Pictures with short captions -

[Start of Attachment]

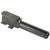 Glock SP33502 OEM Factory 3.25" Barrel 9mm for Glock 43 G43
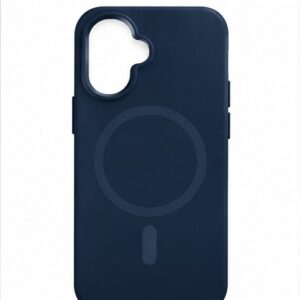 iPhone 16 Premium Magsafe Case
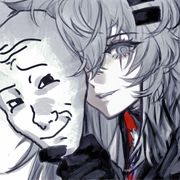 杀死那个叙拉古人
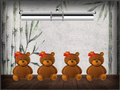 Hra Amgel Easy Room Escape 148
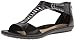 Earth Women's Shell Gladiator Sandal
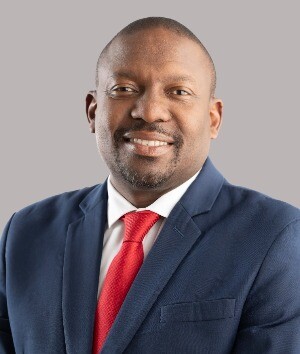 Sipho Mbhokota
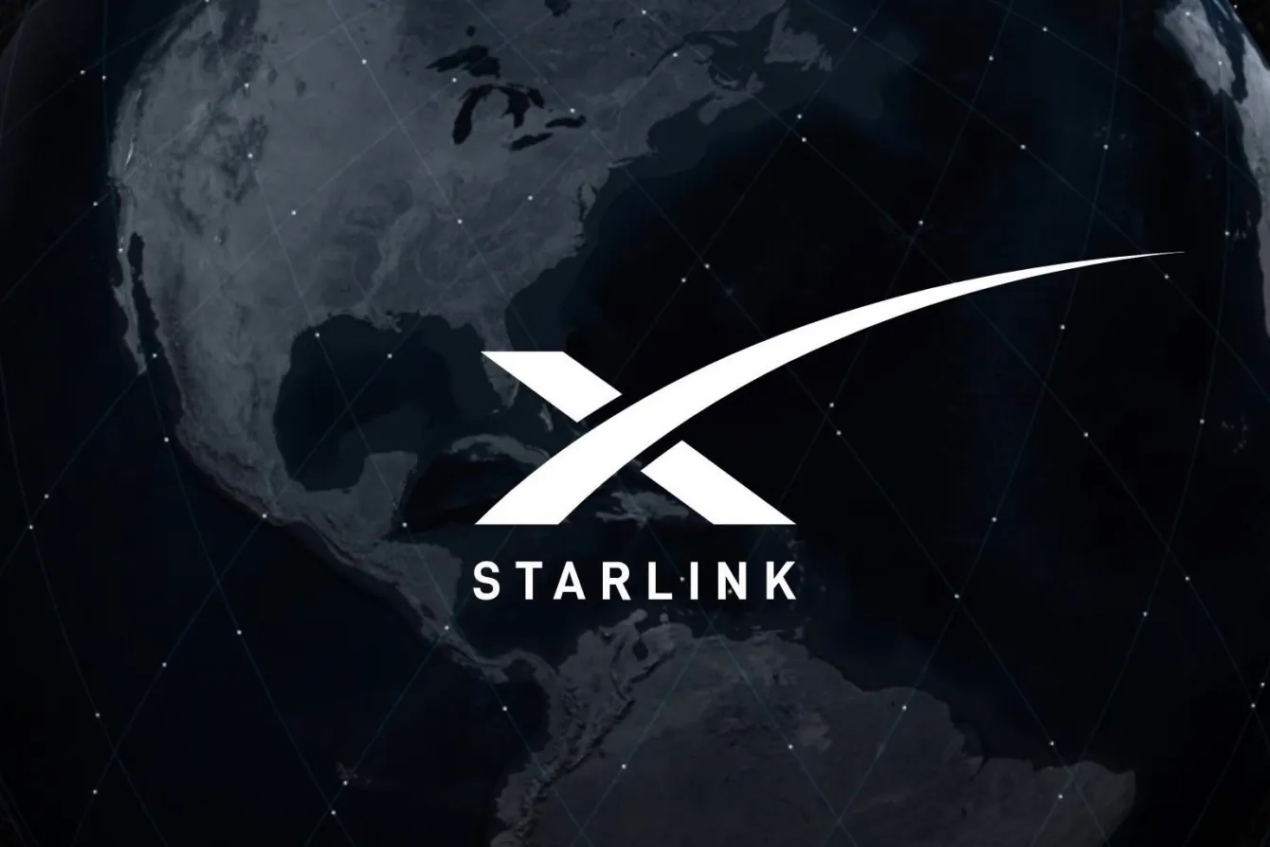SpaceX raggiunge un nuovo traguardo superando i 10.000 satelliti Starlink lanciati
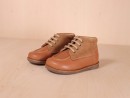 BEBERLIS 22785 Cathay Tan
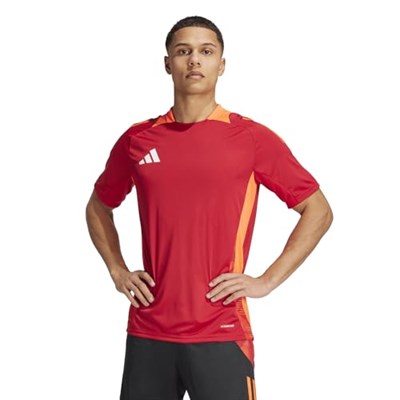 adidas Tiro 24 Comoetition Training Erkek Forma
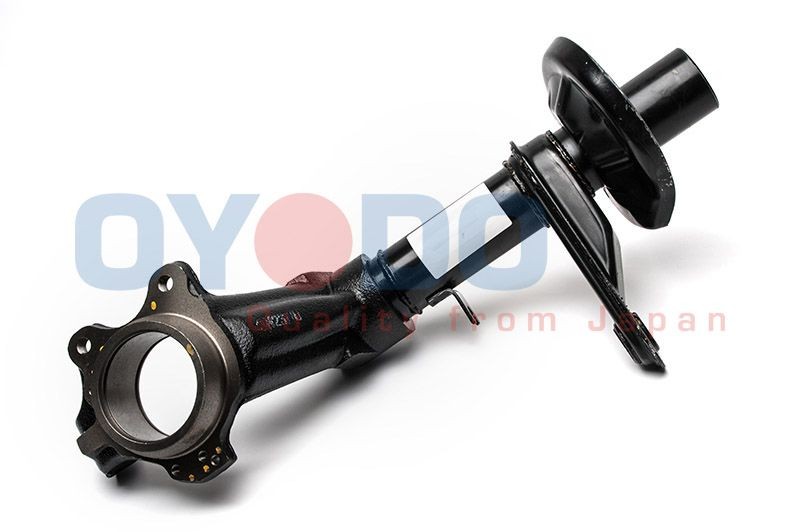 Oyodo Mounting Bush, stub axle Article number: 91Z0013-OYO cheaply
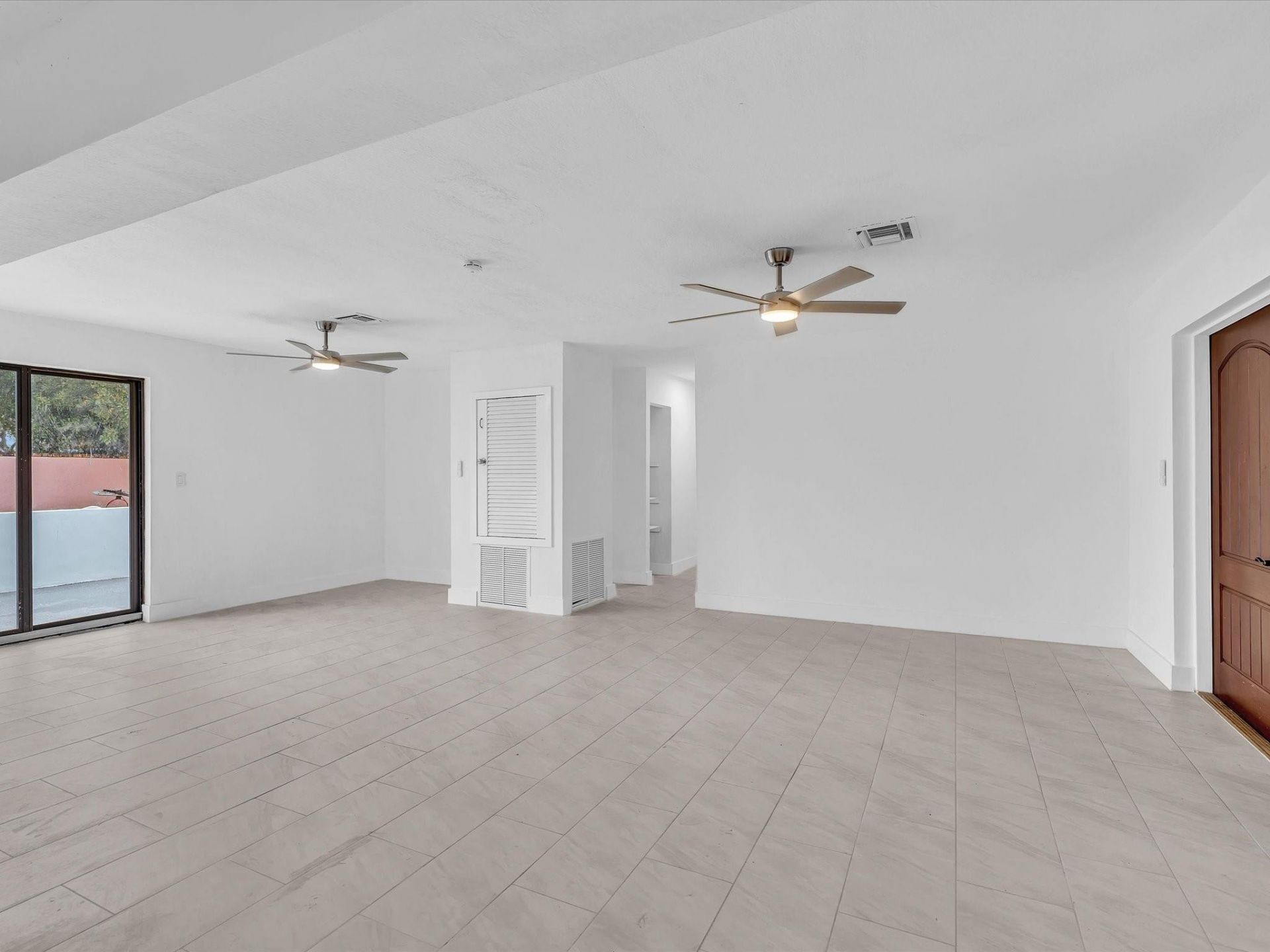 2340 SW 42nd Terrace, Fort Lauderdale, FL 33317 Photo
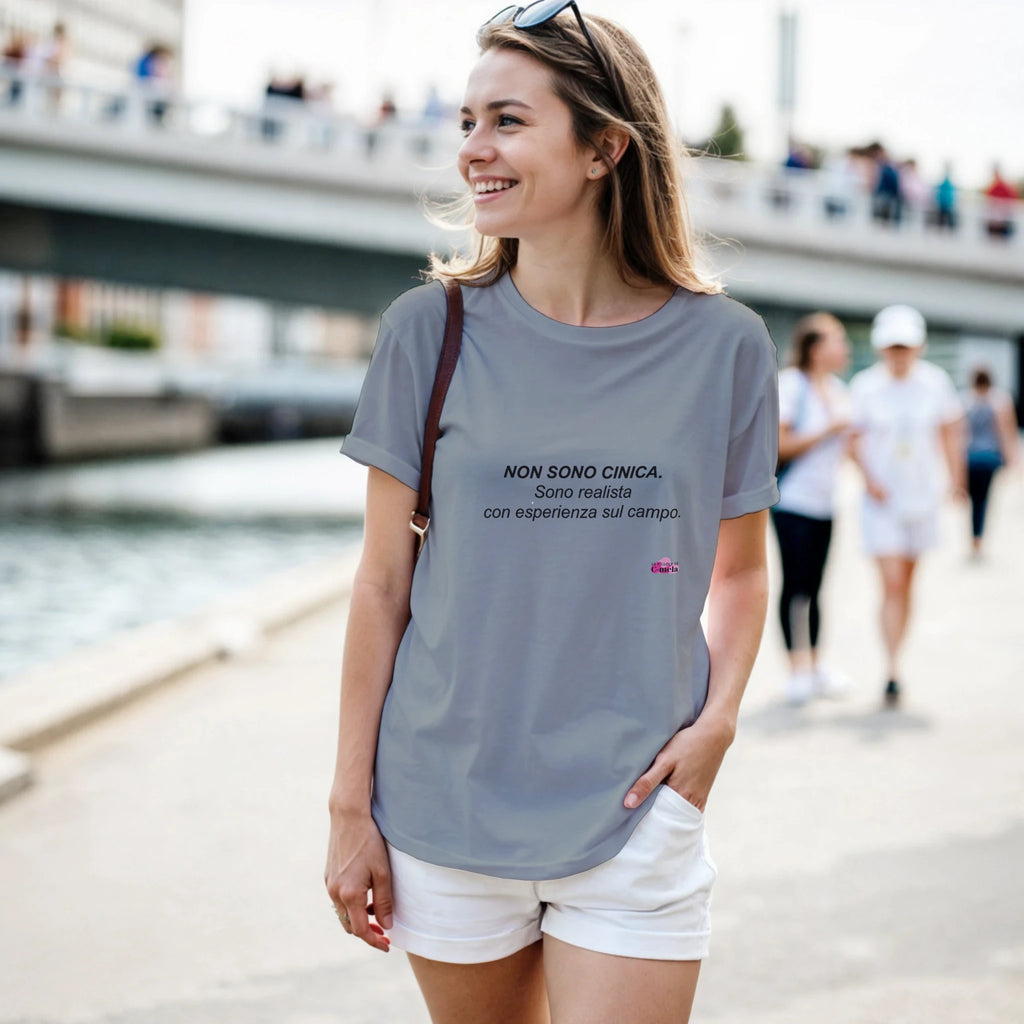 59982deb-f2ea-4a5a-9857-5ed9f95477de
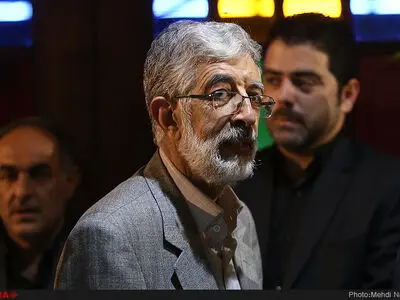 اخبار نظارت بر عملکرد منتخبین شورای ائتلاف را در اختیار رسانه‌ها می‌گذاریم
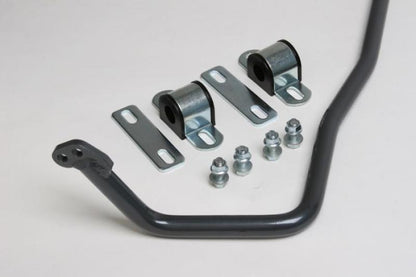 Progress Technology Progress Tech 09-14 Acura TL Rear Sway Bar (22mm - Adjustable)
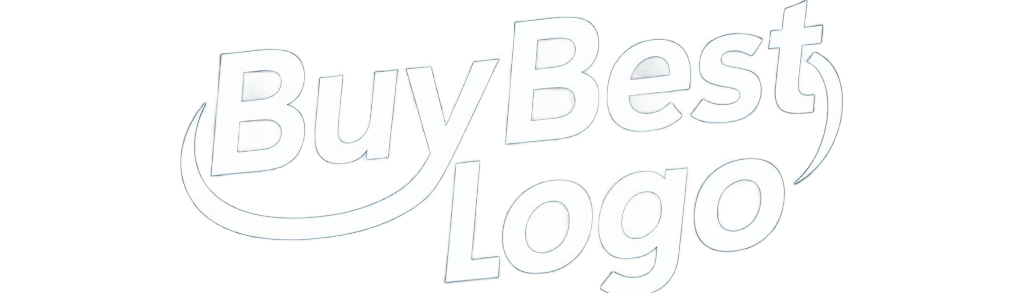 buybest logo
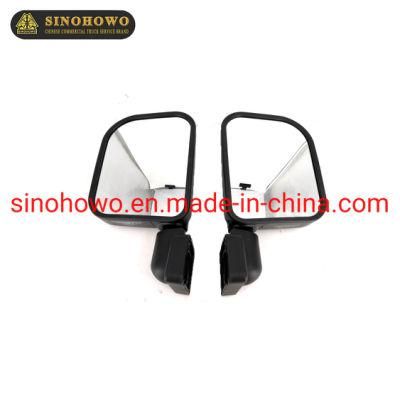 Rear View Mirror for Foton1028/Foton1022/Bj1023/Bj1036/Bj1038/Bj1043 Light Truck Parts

[End of Attachment]

What the task asks - Work from the entries above. Set down exactly and only the lines from the line with "SpaceX raggiunge un" to the line with "buybest logo", both included, and leave the pictures out.

Exercise result -
SpaceX raggiunge un nuovo traguardo superando i 10.000 satelliti Starlink lanciati
 BEBERLIS 22785 Cathay Tan
 adidas Tiro 24 Comoetition Training Erkek Forma
 Oyodo Mounting Bush, stub axle Article number: 91Z0013-OYO cheaply
 2340 SW 42nd Terrace, Fort Lauderdale, FL 33317 Photo
 59982deb-f2ea-4a5a-9857-5ed9f95477de
 اخبار نظارت بر عملکرد منتخبین شورای ائتلاف را در اختیار رسانه‌ها می‌گذاریم
 Progress Technology Progress Tech 09-14 Acura TL Rear Sway Bar (22mm - Adjustable)
 buybest logo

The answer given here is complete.